The Bomber Command memorial. The BFD.

As George Orwell wrote in 1943, in response to “progressive” hand-wringing over the bombing of German cities, “all talk of ‘limiting’ or ‘humanizing’ war is sheer humbug”.

The opponents of the bombing, Orwell noted, still wanted the war to be won — they were not so foolish, at least, as to imagine that anything less than the complete eradication of the Hitler regime should be countenanced — but they somehow imagined that it could be won by… well, how they never really made clear. Apparently, these strategic geniuses imagined that the Nazi war machine began and ended at the front line and that cities and people of an entire nation who were turned over to the sole purpose of making war had nothing to do with it

But it wasn’t just pearl-clutching “progressives”: even the British government treated Bomber Command as an unmentionable embarrassment.

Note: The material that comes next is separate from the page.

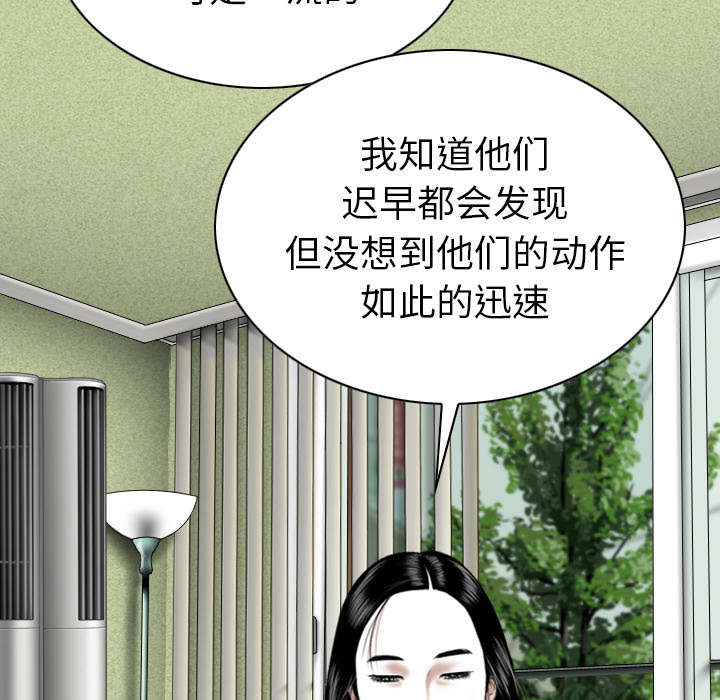 《樱花下的约定》第99话 第5页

Bomber Command was ostracised at the end of World War II: the supreme sacrifices of 55,000 aircrew airbrushed from the memory of prime minister Winston Churchill who failed to acknowledge their bravery in his end-of-war 1945 speech.

Even Toowoomba’s Don Bennett, the air vice marshal who led the Pathfinder Force was snubbed for a knighthood unlike other squadron leaders.

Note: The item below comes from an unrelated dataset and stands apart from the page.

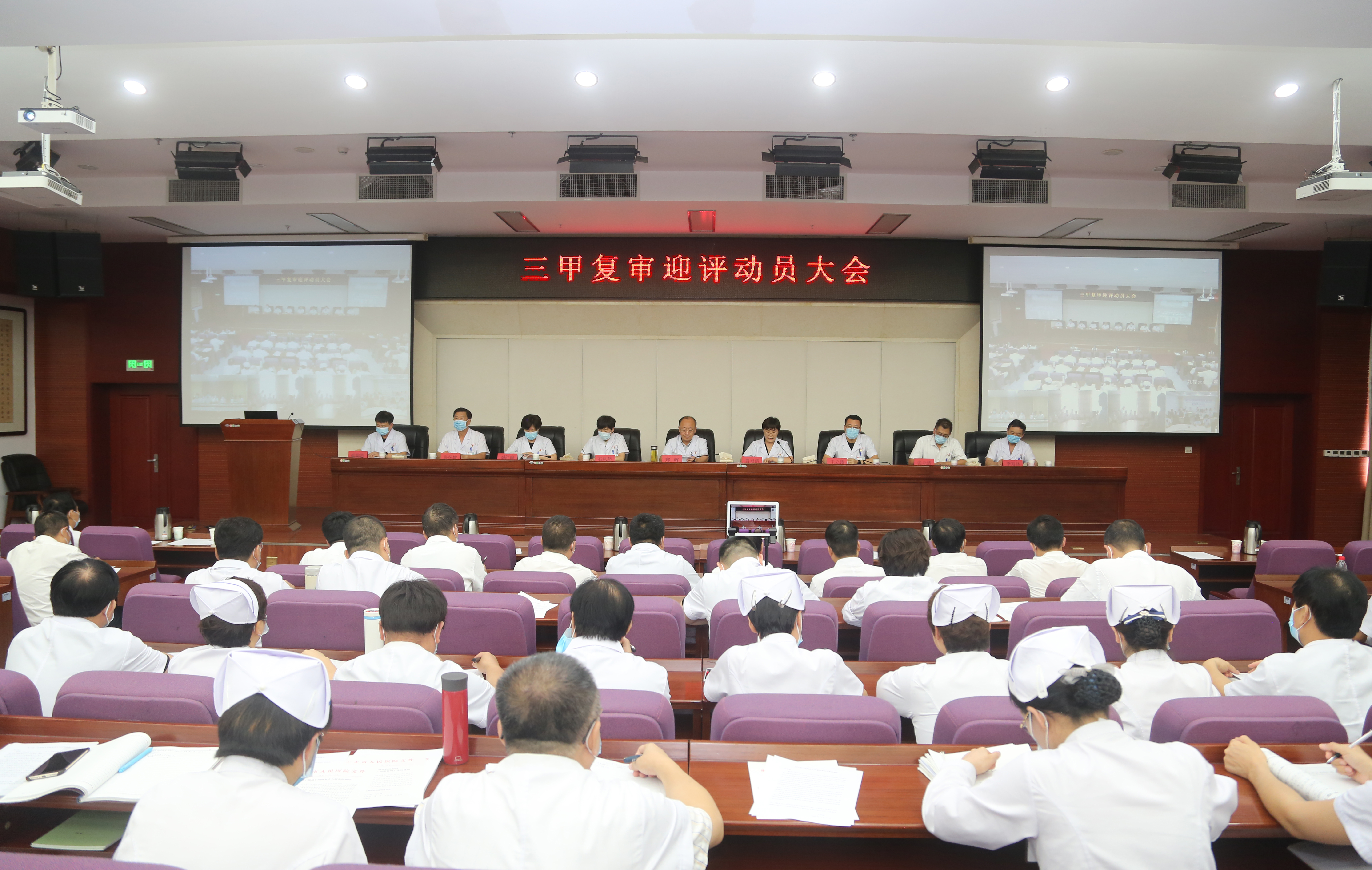 衡水市第五人民医院三乙申报,衡水市人民医院公示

There was no memorial erected to the Bombers even though the death rate of 44.4 per cent in Bomber Command exceeded the horrific deaths of those in the trenches during the Great War. There was no medal struck.

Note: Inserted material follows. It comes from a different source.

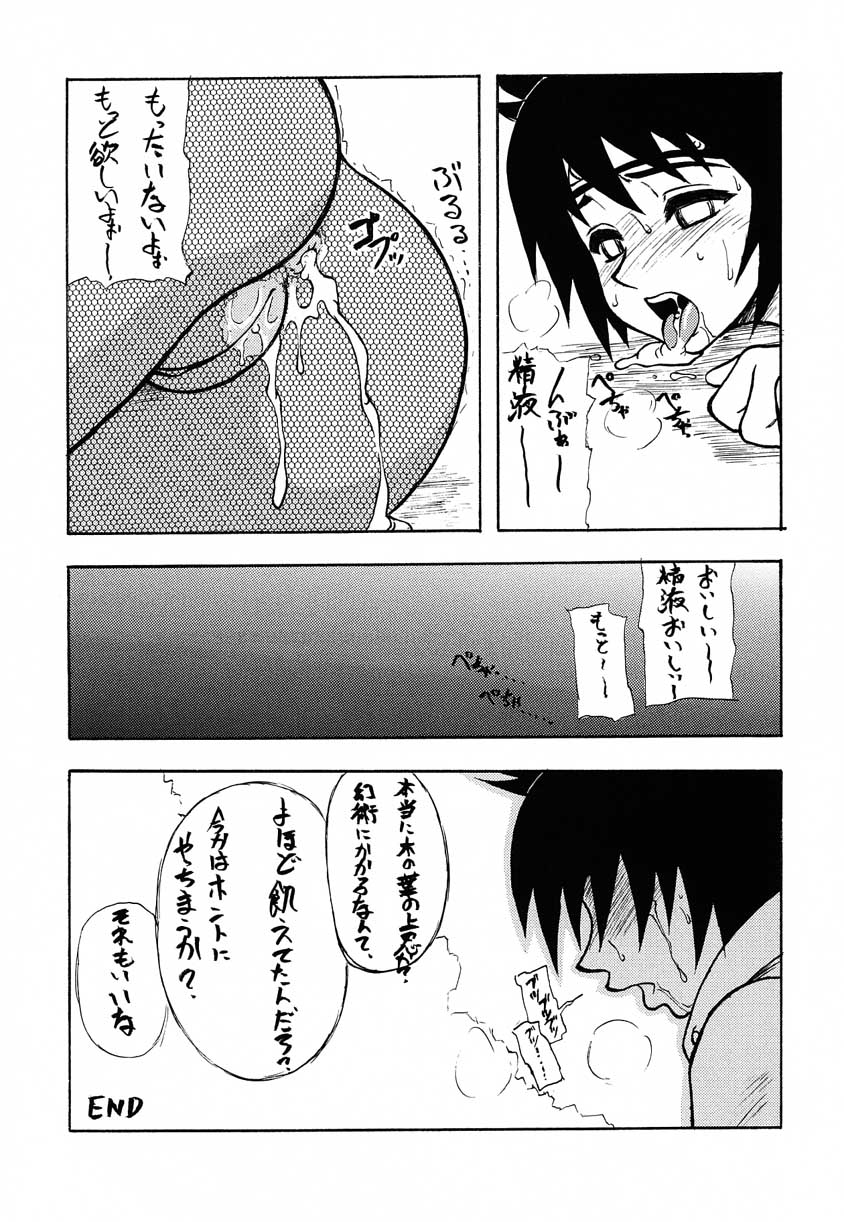 (サンクリ11) [眞嶋堂 (まとう, 危険思想, ドルリヘコ, もつ)] それが俺たちのやりかた!! (ナルト, ヒカルの碁)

The reason was that Whitehall was spooked by the very hand-wringing that Orwell railed against. Presaging the (false) argument that would first make Holocaust-denier David Irving’s name decades later, the armchair experts in Bloomsbury and Mayfair clutched their pearls over the bombing of Dresden — apparently forgetting the Coventry firestorm and the Blitz.

The popular lie, then and now, was that Dresden wasn’t a “legitimate military target” — which conveniently ignores that it was not just a major rail nexus, but home to more than one hundred factories, including the critical Zeiss optical plant.

No-nonsense Bennett wouldn’t stand for such criticism from the top brass. In a letter to his men when war in Europe was declared over, he wrote: “Bomber Command’s share in this great effort has been a major one. You, each one of you, have made that possible. The Pathfinder Force has shouldered a grave responsibility. It has led Bomber Command, the greatest striking force ever known. That we have been successful can be seen in the far-reaching results which the Bomber offensive has achieved. That is the greatest reward the Path Finder Force ever hopes to receive, for those results have benefited all law-abiding peoples.”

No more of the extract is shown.